The mean and maximum errors for three measurements in three situations are given in Table 1. The mean precision was calculated as the average of jitter errors (which was calculated using Eq. 1) at 15 locations. Similarly, the mean static accuracy is the mean of accuracies (calculated using Eq. 2) at 15 locations. The mean dynamic accuracy was the average accuracy over three heights. It should be noted that the maximum value in each case is not the maximum of instant values, but rather the maximum value (averaged according to Eq. 1 or Eq. 2) of 15 positions (for static) or 3 heights (for dynamic). For positions generating extreme values, e.g., 2.08 mm as the maximum static accuracy error for the case without the probe, we repeated the same experiments several times and took the mean value as the result. In a similar manner, errors grouped according to different heights are summarized in Table 2.

Table 1. Mean (maximum) errors for three different situations.
Table 2. Mean (maximum) errors at three different heights.

4 Discussion

The results we obtained in this study are consistent with results reported previously by other groups. Maier-Hein et al. [12] evaluated the same tracking system, i.e., NDI Aurora Tabletop FG, using standardized board phantom [6] with 5 cm distance as the ground truth. Our 0.56 mm static accuracy (without probe) lies between their reported laboratory accuracy (0.30 mm) and accuracy in a CT suite (0.90 mm), which is reasonable due to our simulated OR setting. In addition, Nafis et al. [7] assessed dynamic errors for a tabletop FG, i.e., 3D Guidance medSAFE\(^{\text {TM}}\) Flat Transmitter (Ascension Technology, Shelburne, VT, USA), and they reported greater error with increased height from the FG, which is similar to what we have found. Besides these comparisons, we further noticed that the dynamic error is generally greater than the static error, which is as expected. Furthermore, the 0.23 mm jitter error when the sensor is attached to the 3D laparoscope is higher than the 0.18 mm error found in the other two situations.

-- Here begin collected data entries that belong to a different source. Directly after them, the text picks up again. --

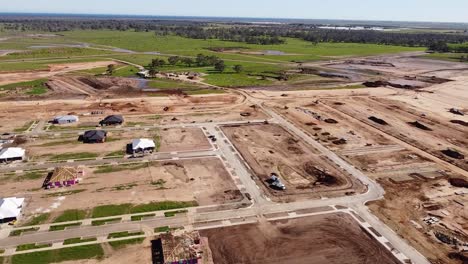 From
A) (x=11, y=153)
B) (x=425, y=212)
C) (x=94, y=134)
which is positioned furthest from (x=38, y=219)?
(x=425, y=212)

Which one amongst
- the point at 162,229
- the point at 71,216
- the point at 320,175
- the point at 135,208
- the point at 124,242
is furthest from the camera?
the point at 320,175

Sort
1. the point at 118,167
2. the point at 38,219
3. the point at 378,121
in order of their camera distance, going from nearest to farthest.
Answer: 1. the point at 38,219
2. the point at 118,167
3. the point at 378,121

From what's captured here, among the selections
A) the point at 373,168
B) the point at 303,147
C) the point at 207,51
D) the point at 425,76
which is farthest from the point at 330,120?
the point at 207,51

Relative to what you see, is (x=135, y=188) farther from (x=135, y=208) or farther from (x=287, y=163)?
(x=287, y=163)

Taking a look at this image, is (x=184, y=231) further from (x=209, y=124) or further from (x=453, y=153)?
(x=453, y=153)

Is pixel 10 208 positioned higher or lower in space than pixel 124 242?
higher

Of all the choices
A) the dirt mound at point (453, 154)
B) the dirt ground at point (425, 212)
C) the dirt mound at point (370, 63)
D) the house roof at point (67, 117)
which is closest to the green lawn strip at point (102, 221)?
the dirt ground at point (425, 212)

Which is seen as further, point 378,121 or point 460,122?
point 460,122

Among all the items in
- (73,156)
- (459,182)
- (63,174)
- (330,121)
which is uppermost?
(63,174)
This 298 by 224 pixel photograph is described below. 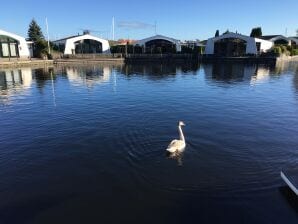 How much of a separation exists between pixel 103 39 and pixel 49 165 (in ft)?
316

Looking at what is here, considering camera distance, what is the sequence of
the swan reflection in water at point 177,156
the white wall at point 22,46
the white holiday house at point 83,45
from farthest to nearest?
the white holiday house at point 83,45
the white wall at point 22,46
the swan reflection in water at point 177,156

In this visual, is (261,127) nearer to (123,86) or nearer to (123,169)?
(123,169)

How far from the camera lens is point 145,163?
46.4ft

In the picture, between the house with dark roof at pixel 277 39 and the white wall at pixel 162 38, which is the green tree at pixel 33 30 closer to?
the white wall at pixel 162 38

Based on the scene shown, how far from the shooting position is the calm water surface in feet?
34.8

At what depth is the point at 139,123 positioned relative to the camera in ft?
68.3

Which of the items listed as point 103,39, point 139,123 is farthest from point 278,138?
point 103,39

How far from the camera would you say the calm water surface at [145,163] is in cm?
1059

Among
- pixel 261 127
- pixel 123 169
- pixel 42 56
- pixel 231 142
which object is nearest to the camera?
pixel 123 169

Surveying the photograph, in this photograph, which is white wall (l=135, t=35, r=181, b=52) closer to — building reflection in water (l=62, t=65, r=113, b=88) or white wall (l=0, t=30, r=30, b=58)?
white wall (l=0, t=30, r=30, b=58)

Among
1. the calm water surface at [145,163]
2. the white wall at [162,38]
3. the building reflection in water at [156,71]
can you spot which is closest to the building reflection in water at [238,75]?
the building reflection in water at [156,71]

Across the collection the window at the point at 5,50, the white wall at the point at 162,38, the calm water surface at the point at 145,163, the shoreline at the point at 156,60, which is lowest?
the calm water surface at the point at 145,163

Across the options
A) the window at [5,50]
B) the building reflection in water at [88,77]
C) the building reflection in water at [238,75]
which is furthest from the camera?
the window at [5,50]

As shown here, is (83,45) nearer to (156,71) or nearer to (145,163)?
(156,71) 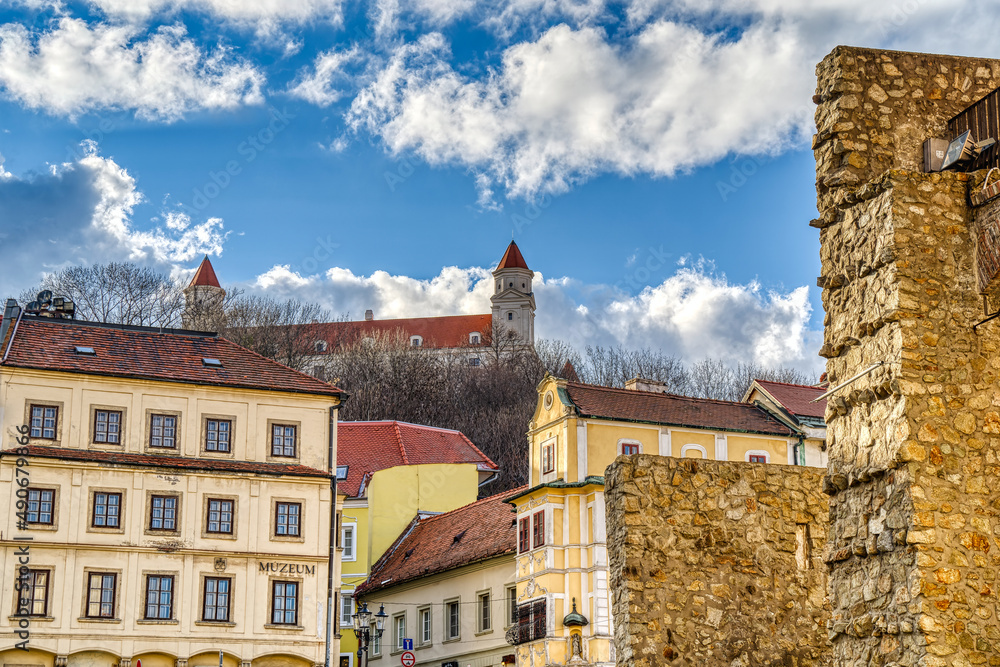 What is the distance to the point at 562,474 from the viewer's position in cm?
3475

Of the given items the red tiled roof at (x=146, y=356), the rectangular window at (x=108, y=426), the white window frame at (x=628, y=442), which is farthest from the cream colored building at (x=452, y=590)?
the rectangular window at (x=108, y=426)

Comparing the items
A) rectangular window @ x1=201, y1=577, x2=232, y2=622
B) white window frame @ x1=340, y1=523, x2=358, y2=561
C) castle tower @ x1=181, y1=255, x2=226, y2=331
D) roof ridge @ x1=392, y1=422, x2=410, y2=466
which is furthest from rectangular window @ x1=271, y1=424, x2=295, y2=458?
castle tower @ x1=181, y1=255, x2=226, y2=331

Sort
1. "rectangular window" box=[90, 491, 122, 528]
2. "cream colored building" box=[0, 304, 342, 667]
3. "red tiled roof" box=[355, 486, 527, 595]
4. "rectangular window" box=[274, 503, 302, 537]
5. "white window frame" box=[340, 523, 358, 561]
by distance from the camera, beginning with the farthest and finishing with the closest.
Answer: "white window frame" box=[340, 523, 358, 561], "red tiled roof" box=[355, 486, 527, 595], "rectangular window" box=[274, 503, 302, 537], "rectangular window" box=[90, 491, 122, 528], "cream colored building" box=[0, 304, 342, 667]

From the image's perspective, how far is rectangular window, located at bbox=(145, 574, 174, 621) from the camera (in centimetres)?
3312

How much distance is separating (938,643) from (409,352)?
69121mm

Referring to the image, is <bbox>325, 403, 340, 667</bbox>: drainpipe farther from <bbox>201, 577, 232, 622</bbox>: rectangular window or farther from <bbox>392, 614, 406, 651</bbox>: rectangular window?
<bbox>392, 614, 406, 651</bbox>: rectangular window

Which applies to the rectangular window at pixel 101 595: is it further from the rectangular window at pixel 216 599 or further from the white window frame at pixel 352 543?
the white window frame at pixel 352 543

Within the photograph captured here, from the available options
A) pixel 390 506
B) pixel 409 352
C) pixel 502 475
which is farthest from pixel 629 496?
pixel 409 352

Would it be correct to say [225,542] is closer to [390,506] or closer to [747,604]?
[390,506]

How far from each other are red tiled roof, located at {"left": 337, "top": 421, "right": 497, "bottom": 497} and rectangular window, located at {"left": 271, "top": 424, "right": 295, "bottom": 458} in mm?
7161

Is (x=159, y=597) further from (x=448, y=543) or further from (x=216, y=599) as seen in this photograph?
(x=448, y=543)

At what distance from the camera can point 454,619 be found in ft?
127

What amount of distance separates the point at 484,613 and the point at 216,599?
8196 millimetres

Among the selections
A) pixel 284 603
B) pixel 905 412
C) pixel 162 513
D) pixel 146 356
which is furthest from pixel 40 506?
pixel 905 412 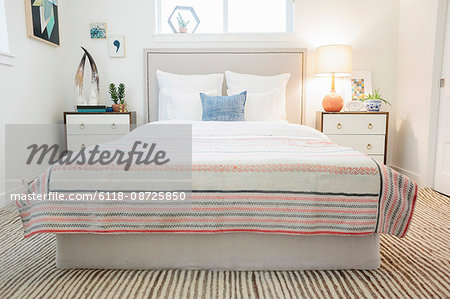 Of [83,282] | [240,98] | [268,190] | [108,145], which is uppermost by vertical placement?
[240,98]

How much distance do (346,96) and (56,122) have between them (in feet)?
9.91

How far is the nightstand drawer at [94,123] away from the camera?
3.23 meters

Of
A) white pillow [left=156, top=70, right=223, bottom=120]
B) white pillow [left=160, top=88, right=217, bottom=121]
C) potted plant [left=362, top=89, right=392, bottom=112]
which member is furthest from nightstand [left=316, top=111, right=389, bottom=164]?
white pillow [left=160, top=88, right=217, bottom=121]

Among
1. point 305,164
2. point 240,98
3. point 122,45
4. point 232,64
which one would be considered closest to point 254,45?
point 232,64

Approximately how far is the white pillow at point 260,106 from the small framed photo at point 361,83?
1063mm

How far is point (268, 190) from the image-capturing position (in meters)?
1.34

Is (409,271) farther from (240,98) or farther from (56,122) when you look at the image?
(56,122)

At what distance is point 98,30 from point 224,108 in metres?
1.75

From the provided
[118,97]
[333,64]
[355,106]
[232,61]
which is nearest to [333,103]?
[355,106]

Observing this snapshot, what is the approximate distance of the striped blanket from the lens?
134 cm

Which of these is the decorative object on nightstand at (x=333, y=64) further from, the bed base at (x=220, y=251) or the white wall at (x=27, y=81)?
the white wall at (x=27, y=81)

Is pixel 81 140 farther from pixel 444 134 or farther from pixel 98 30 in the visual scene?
pixel 444 134

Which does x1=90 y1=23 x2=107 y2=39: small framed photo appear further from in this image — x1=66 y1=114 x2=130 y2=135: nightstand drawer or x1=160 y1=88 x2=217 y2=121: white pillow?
x1=160 y1=88 x2=217 y2=121: white pillow

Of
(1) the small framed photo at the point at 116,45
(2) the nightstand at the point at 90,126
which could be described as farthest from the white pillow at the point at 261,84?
(1) the small framed photo at the point at 116,45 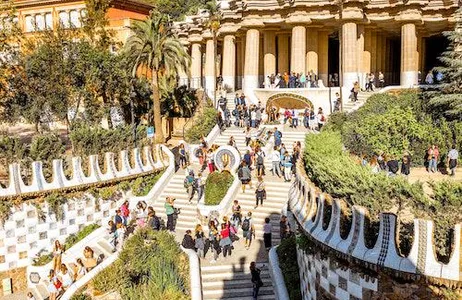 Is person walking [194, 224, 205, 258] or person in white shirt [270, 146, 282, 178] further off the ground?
person in white shirt [270, 146, 282, 178]

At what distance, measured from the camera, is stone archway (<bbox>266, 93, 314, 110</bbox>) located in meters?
35.0

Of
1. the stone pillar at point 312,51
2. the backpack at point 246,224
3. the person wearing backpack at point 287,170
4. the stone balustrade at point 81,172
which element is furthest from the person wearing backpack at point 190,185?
the stone pillar at point 312,51

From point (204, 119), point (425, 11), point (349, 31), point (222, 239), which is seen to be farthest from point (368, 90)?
point (222, 239)

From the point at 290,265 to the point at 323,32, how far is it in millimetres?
28352

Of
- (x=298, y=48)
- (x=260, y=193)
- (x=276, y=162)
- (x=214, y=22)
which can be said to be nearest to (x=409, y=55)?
(x=298, y=48)

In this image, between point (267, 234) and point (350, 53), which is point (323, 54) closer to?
point (350, 53)

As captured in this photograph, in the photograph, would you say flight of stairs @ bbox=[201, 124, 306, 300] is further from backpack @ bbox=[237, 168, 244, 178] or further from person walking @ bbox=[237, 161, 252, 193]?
backpack @ bbox=[237, 168, 244, 178]

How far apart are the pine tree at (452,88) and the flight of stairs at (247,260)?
28.7 feet

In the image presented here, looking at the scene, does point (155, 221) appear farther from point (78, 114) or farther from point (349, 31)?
point (349, 31)

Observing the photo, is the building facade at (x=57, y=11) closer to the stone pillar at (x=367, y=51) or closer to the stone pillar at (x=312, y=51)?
the stone pillar at (x=312, y=51)

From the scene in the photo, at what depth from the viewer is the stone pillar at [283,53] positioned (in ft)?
142

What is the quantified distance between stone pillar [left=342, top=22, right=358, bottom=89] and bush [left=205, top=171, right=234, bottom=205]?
55.3 feet

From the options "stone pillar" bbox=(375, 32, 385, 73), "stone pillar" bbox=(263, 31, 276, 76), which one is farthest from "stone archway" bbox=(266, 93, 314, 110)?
"stone pillar" bbox=(375, 32, 385, 73)

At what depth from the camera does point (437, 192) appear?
11664 mm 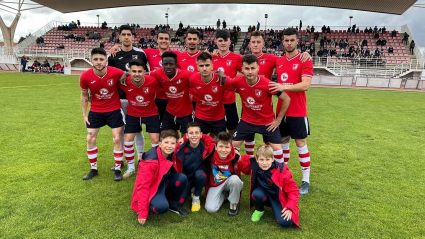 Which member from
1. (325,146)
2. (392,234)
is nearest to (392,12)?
(325,146)

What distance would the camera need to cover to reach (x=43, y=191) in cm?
363

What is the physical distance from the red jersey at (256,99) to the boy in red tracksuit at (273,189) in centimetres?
67

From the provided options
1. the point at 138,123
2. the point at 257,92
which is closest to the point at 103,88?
the point at 138,123

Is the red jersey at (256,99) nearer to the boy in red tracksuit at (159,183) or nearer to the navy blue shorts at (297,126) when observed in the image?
the navy blue shorts at (297,126)

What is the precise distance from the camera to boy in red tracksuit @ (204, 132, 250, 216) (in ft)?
10.6

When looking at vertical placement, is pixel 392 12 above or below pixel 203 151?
above

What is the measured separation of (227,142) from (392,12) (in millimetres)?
37808

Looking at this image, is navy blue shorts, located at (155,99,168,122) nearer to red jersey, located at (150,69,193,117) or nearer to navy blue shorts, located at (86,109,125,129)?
red jersey, located at (150,69,193,117)

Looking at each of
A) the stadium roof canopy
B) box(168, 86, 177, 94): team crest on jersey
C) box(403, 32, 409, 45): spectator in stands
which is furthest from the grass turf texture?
the stadium roof canopy

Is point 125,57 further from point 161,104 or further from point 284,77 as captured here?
point 284,77

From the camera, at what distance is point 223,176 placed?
137 inches

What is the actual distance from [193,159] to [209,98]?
3.24ft

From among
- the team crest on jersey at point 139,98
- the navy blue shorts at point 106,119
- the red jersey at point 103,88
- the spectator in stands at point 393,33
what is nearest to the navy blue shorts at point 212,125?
the team crest on jersey at point 139,98

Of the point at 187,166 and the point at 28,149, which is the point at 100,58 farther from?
the point at 28,149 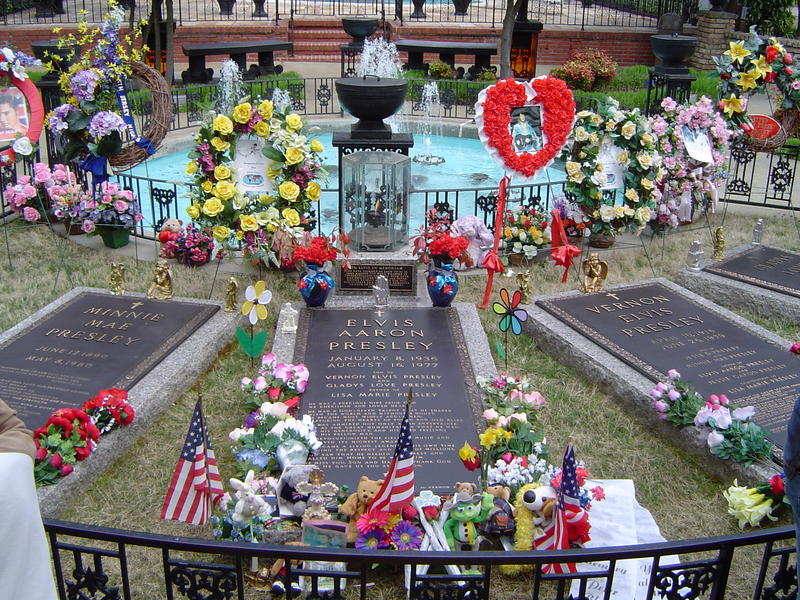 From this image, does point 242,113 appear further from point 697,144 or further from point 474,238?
point 697,144

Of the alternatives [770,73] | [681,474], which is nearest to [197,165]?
[681,474]

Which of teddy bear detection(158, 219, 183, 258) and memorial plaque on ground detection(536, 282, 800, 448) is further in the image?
teddy bear detection(158, 219, 183, 258)

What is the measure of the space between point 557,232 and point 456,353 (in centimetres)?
249

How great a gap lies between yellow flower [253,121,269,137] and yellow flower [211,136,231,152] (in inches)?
11.5

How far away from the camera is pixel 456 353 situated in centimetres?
656

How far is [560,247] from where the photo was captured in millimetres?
8148

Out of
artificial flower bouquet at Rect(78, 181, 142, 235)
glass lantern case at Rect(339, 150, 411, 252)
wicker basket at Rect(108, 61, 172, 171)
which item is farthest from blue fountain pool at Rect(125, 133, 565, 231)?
glass lantern case at Rect(339, 150, 411, 252)

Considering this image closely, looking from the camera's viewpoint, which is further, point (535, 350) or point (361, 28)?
point (361, 28)

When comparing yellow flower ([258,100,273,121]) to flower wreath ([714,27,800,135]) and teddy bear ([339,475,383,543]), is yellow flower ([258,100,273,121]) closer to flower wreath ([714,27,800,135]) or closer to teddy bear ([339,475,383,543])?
teddy bear ([339,475,383,543])

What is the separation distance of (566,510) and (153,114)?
6.19m

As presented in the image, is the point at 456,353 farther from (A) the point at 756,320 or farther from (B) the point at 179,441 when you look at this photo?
(A) the point at 756,320

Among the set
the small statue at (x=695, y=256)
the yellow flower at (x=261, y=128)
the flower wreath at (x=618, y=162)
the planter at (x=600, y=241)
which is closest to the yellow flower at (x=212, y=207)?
the yellow flower at (x=261, y=128)

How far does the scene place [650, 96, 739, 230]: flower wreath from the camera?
29.5 ft

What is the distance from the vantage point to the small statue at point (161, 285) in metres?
7.25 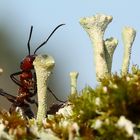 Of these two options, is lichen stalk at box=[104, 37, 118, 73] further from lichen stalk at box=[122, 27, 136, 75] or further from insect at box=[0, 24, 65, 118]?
insect at box=[0, 24, 65, 118]

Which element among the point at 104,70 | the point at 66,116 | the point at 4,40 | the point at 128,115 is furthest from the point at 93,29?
the point at 4,40

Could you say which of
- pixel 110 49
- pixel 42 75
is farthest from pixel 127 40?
pixel 42 75

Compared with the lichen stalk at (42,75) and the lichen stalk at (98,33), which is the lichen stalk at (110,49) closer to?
the lichen stalk at (98,33)

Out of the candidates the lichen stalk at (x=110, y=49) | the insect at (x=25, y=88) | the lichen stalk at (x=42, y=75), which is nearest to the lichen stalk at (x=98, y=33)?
the lichen stalk at (x=110, y=49)

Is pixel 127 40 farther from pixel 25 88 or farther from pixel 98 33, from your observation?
pixel 25 88

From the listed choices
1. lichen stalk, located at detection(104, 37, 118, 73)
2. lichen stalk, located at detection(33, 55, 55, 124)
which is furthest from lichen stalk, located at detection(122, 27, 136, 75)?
lichen stalk, located at detection(33, 55, 55, 124) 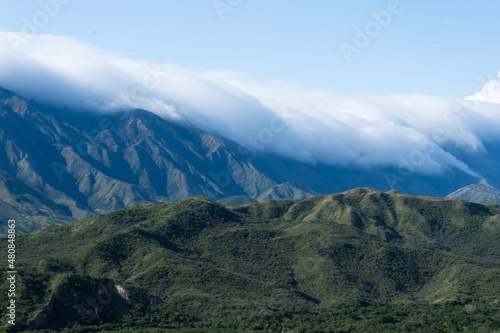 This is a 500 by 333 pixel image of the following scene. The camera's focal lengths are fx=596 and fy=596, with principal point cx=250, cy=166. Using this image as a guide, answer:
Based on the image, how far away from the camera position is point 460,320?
161 metres

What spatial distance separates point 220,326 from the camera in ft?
520

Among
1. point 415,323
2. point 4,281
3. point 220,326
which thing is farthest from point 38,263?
point 415,323

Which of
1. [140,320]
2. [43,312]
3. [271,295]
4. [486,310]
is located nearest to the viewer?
[43,312]

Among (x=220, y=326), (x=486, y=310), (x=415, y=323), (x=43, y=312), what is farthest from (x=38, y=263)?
(x=486, y=310)

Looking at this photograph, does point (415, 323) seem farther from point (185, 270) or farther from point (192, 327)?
point (185, 270)

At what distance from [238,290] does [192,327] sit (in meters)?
37.6

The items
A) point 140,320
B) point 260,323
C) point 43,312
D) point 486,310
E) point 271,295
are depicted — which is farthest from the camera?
point 271,295

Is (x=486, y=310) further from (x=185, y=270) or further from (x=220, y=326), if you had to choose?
Answer: (x=185, y=270)

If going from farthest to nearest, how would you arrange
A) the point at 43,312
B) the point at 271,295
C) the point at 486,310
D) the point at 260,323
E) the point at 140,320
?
the point at 271,295 → the point at 486,310 → the point at 260,323 → the point at 140,320 → the point at 43,312

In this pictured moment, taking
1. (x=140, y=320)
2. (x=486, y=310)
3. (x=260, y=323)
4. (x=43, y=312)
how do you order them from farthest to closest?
(x=486, y=310) < (x=260, y=323) < (x=140, y=320) < (x=43, y=312)

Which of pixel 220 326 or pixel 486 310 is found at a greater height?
pixel 486 310

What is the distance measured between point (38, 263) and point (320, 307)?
310 ft

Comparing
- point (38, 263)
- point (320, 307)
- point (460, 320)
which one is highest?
point (460, 320)

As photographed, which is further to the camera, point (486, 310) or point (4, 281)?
point (486, 310) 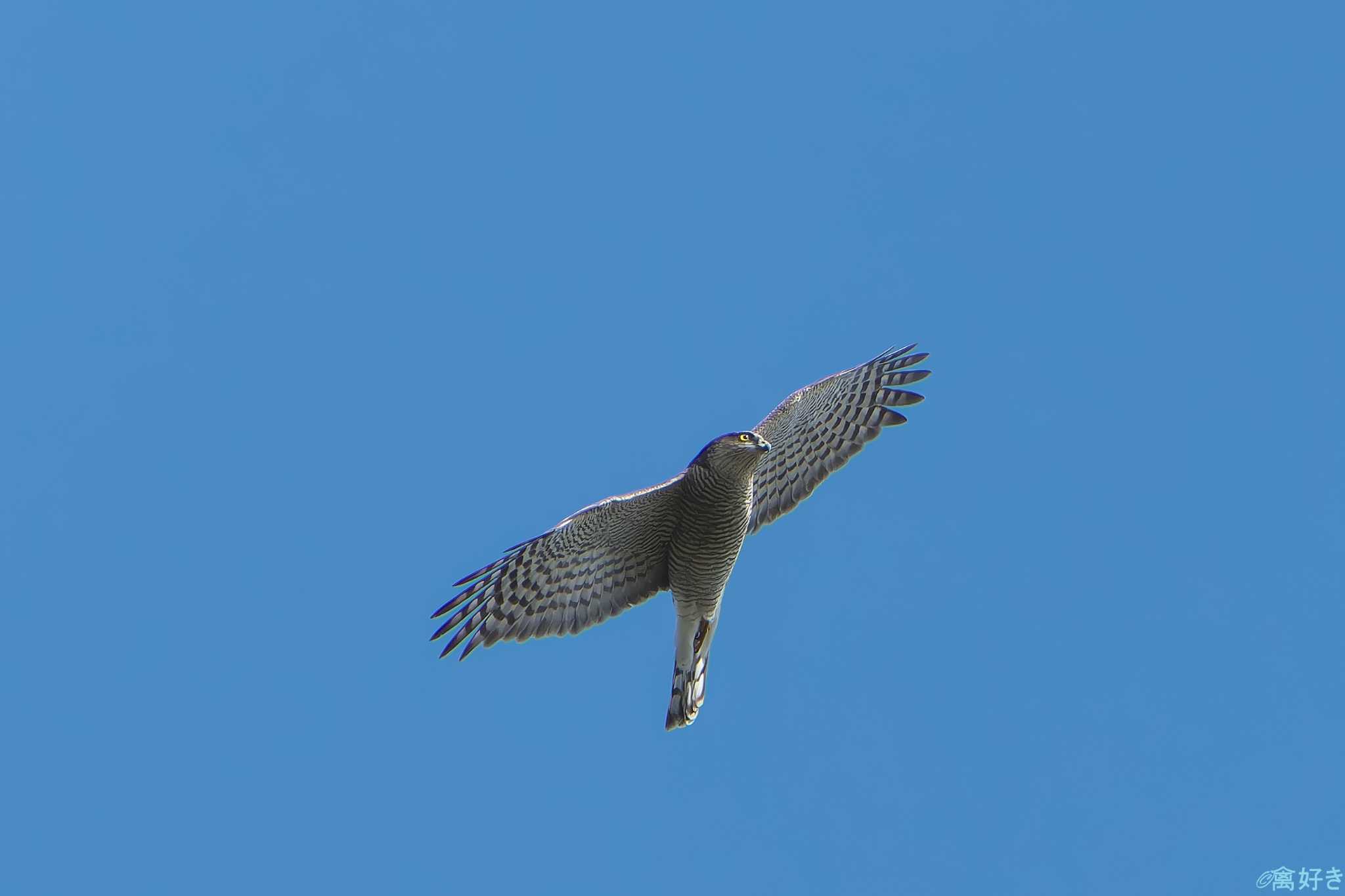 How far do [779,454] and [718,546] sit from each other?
1.34 metres

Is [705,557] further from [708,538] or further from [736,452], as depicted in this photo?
[736,452]

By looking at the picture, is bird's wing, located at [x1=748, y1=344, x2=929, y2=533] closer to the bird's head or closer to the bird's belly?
the bird's belly

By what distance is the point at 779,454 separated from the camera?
44.9 ft

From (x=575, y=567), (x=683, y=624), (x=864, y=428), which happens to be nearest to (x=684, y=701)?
(x=683, y=624)

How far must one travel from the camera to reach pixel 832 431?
13.6 m

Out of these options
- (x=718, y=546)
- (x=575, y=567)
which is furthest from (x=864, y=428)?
(x=575, y=567)

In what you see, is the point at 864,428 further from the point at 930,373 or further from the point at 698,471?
the point at 698,471

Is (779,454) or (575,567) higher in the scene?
(779,454)

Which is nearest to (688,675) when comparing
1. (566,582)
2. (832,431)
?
(566,582)

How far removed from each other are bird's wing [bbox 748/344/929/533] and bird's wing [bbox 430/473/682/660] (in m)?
1.00

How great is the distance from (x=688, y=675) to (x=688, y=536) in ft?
4.92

Regarding incorporating EM tracking into our laparoscopic AR system, NDI Aurora Tabletop FG delivers satisfactory tracking accuracy according to our results, and is suitable for clinical applications due to its tabletop design. Although all three error measurements increase when the EM sensors are attached to either of the probes, the increased error is still acceptable. The evaluation results give us valuable insights for further embedding the EM sensors into the two probes. For 3D laparoscope, we could design a fixture similar as the one we used in this study but without the long straight bar, so that a sensor could be fixed at a location close to the handle of the probe. For LUS transducer, we intend to embed the sensor within the transducer head, approximately the same position as where we stuck the sensor in this work. The results from this study also suggest that the tracking system works better at lower heights, and this information is helpful to us in further design of our experiments for 3D camera and LUS calibration, as well as evaluation of the complete EM-tracked AR visualization system.

In conclusion, we have evaluated positional precision and accuracy, both statically and dynamically, for a commercial EM tracking system. The assessment experiments account for situations when just using the sensors alone and when they are attached to one of the two probes used in our stereoscopic laparoscopic AR visualization system. The results suggest that the tracking system has high accuracy and the attachment of the sensor to the planned positions on the probes is promising. These results will serve as the basis and benchmark and guide us in appropriately embedding the sensors into both imaging devices in our continued development of a superior laparoscopic visualization technology.